Gawande deepens his analysis by talking not only about systemic failures but also by reflecting on doctor-patient relationships, and how doctors are more likely to see themselves as “healers of the sick” than helpers of people who want to live their best lives, especially when faced with living a shorter time than they had hoped.  He posits that when doctors are not confronting the inevitability of death, they miss opportunities to help the living live well.   In an effort to alter this paradigm, he suggests that we ask patients confronting death about what tradeoffs they are willing to make.   

Unlike death, divorce is not the end of life, but it is the end of the life of a marriage. However, it is also a new beginning, a restructuring and an opportunity for growth. As such, I think there are similarities and differences in the experiences of doctors and their patients, to family law lawyers and their clients.  In both death and divorce, what tradeoffs one is willing to make is an appropriate question. The Consilium Process helps lawyers help clients to make this transition in thoughtful and considered ways. 

When Gawande’s own father, himself a surgeon, was diagnosed with an aggressive cancer, he and Atul talked to two different doctors about possible treatment paths. Their advice differed, but the delivery of their recommendations was more pronounced than the details of their proposed treatment plans. Those conversations led Atul to revisit three documented styles of medical care he had studied during medical school: paternalistic, informative, and interpretive.  

Paternalistic care aims to ensure that patients receive what doctors believe they should receive (e.g., you should take the green pill). Informative care details the facts and figures, with the instruction that the rest is up to you (“Here’s what the green pill does and here’s what yellow pill does.

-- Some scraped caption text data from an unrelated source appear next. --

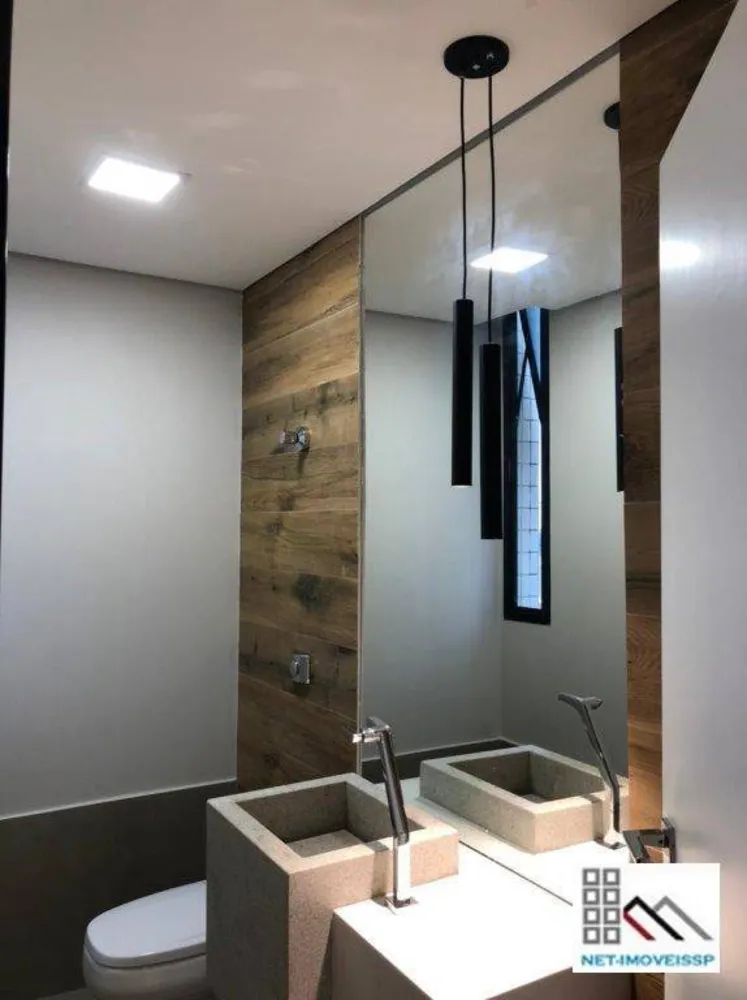 Sala-Conjunto, 253 m² - Foto 2
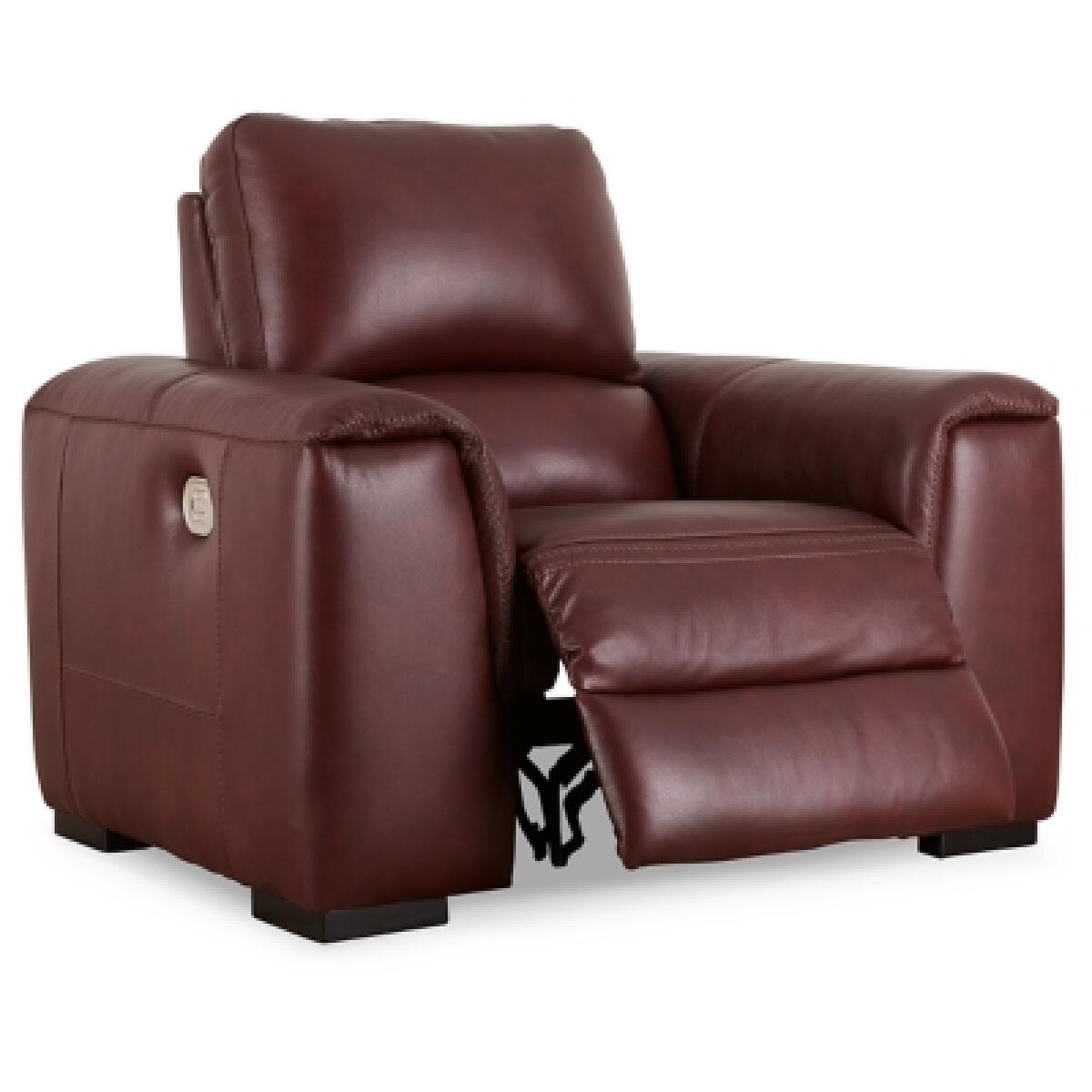 Alessandro Power Recliner Recliners Ashley Furniture 17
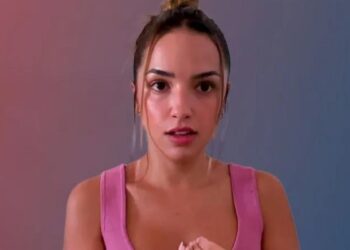 Lucía Sánchez anuncia su ruptura con Álvaro Boix: ‘Me he llevado un chasco’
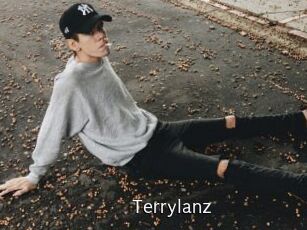 Terrylanz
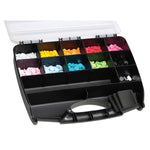 Prym - Snaps 300 Pièces Boîte. 393900 - Ribes y Casals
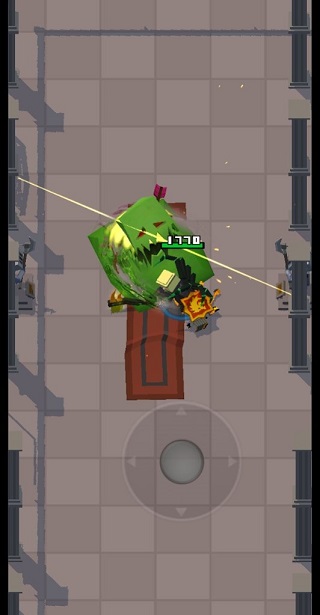 像素刀片竞技场中文版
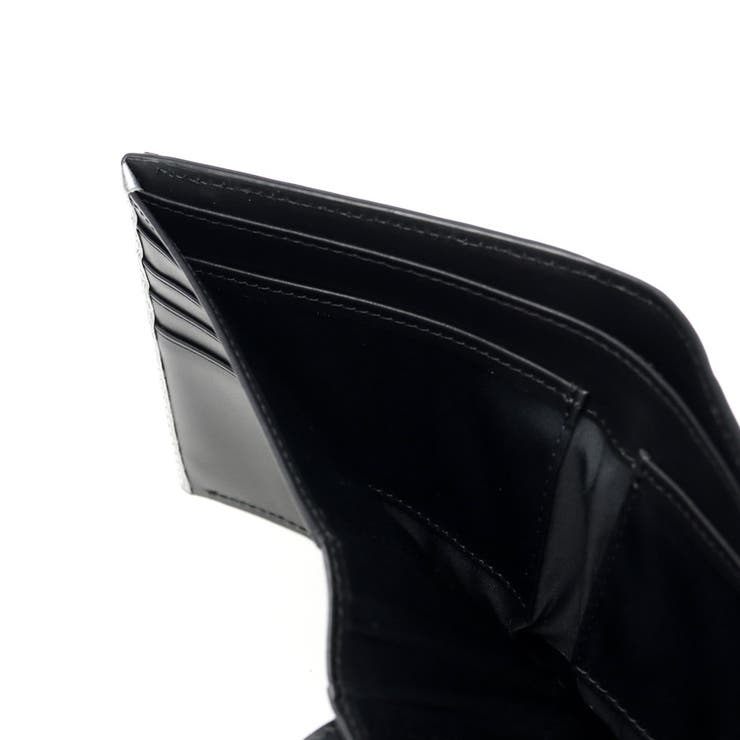 ランバンオンブルー 二つ折り財布 LANVINenBleuメンズ | ギャレリア Bag＆Luggage | 詳細画像17 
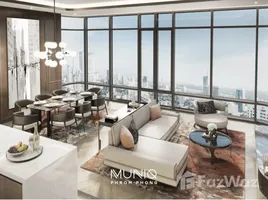 2 Bedroom Condo for sale at MUNIQ Phrom Phong, Khlong Toei Nuea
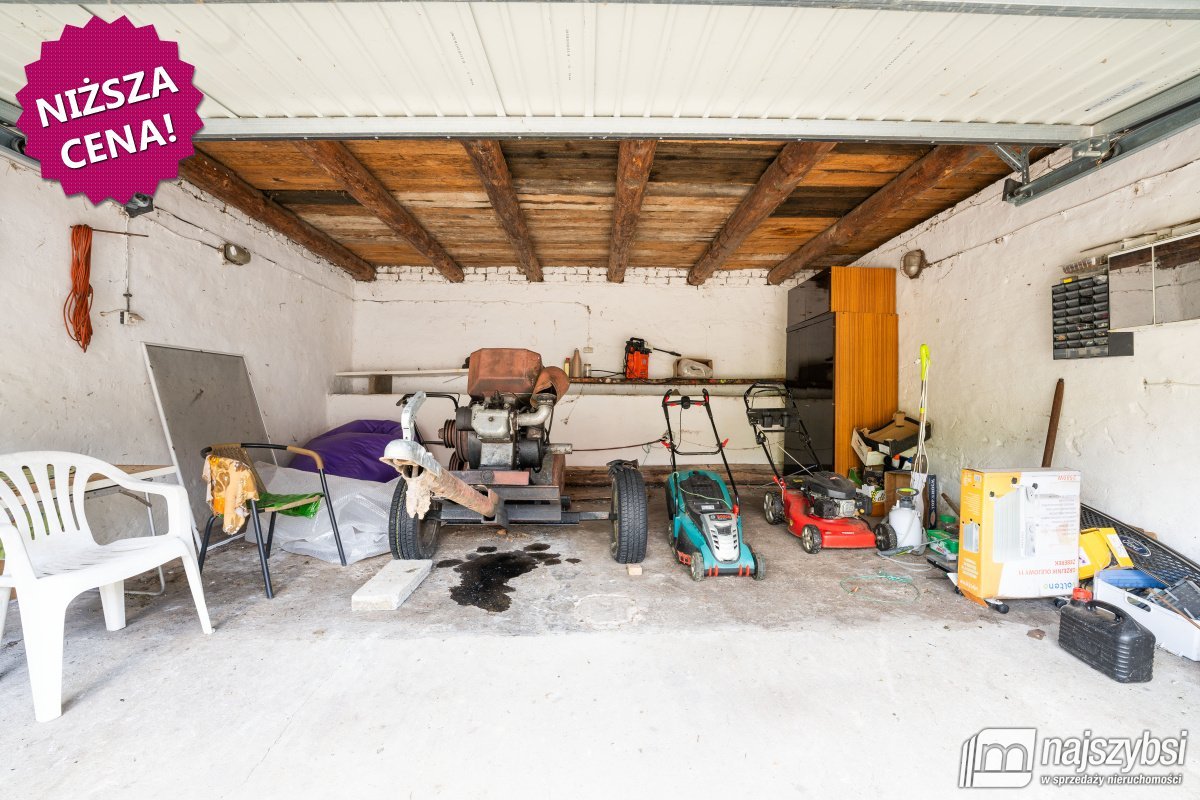 SUŁKOWO - DOM OTOCZONY ZIELENIĄ (22)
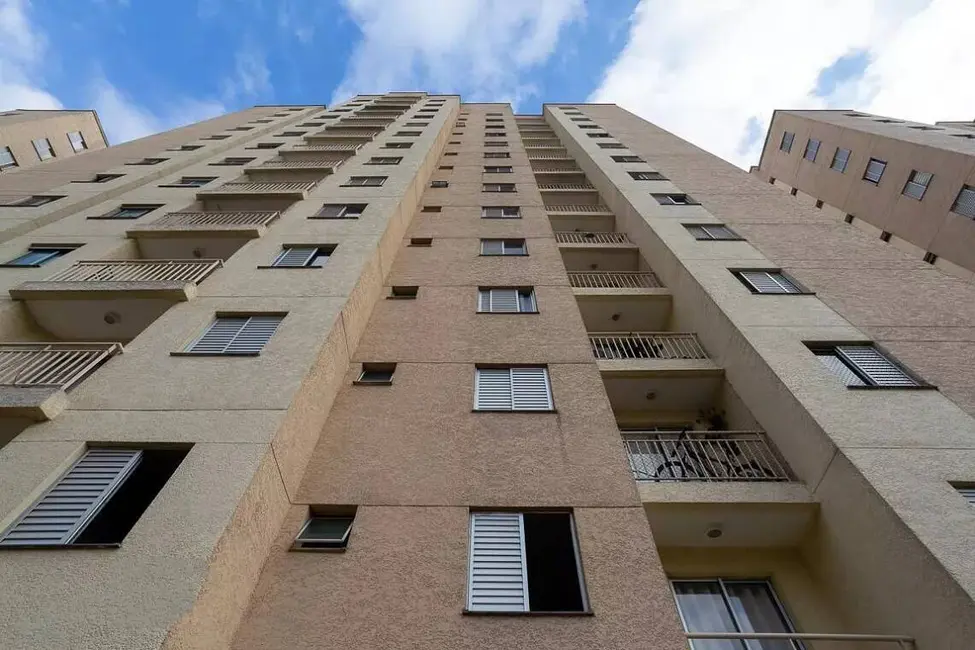 Foto 7 de Apartamento com 2 quartos à venda, 48m2 em Vila Siqueira (Zona Norte), São Paulo - SP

Which one do you want?”). Interpretive care is the nexus where information and control meet guidance (it’s where doctors ask, “What is most important to you? What are your worries?”). If you consider these three approaches to elder care in comparison with family law disputation, you can see why the analogy seems like an apt one.

If doctors know what you prefer, they will tell you about the green pill and the yellow pill and which one they believe will most help you achieve your priorities. Interpretive doctors challenge patients to rethink ill-considered priorities and beliefs and help them think through not only first-order desires (immediate goals) but also second-order desires (desires about desires — remaining more faithful to larger goals (resisting desert for an overall healthier lifestyle).  

It seems to me that Gawande’s consideration of those styles is revealing for lawyers as well.

Like physicians, lawyers often have either paternalistic or informative styles. Just as becoming an interpretive physician takes more skill than medical knowledge alone, becoming a Consilium-trained lawyer requires the development of skills beyond just knowledge of the law. “Ask, tell, ask” is a method used in palliative care and one which lawyers could, but seldom do use.  

Consilium lawyers will learn to make a practice of asking clients what it is they want to know, telling clients what it is they should know, answering any questions they have, and then confirming what they’re taking away from your explanations. Although in and of itself not a difficult task for a highly skilled lawyer, this important form of communication is often overlooked, especially in paternalistic and informative practice models.  But that sharing of information could help so much, if lawyers took the emotional well-being of their clients as seriously as matters of financial/property disputes.  When applied by a Consilium-trained lawyer alongside other complementary tools and skills, our approach will help them work with a client to create a roadmap with meaning. Layering this guidance with an understanding of a client’s fears and goals helps clients to build healthier selves as well as restructured families imprinted with their own unique design.  

It seems to me that it is incumbent upon family lawyers to say to clients “Tell me, what is it you want to do with your one wild and precious life?”, and then ask “How can I help you achieve those goals?”